*Task brief*.
Look in the material below for the line with "Watch Nicole Byer: BBW" and the line with "Go Keto with Casey Roadshow Retro Shirts", then set down exactly those two lines and all lines between, nothing more.

*Task inputs*.
■ ■ ■ ■

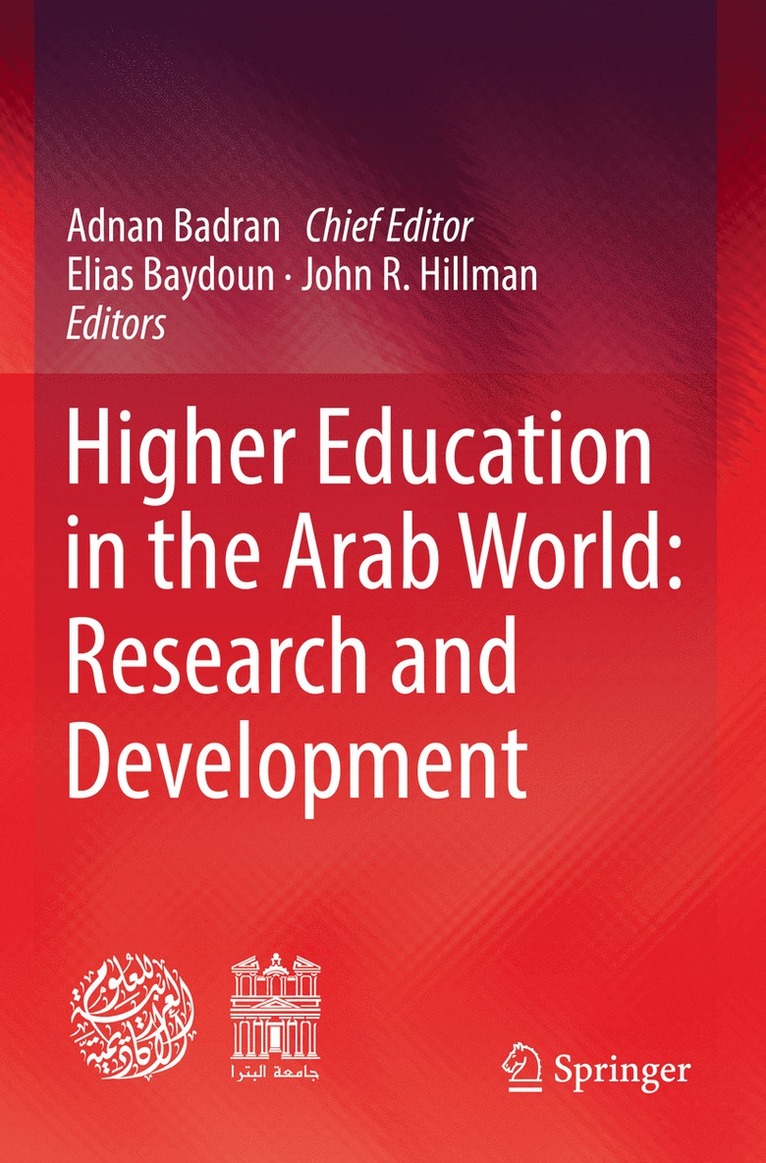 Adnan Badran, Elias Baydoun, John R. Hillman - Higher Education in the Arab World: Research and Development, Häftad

■ ■ ■ ■

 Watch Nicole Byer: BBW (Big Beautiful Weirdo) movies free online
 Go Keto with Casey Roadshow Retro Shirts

■ ■ ■ ■

*Task answer*.
 Watch Nicole Byer: BBW (Big Beautiful Weirdo) movies free online
 Go Keto with Casey Roadshow Retro Shirts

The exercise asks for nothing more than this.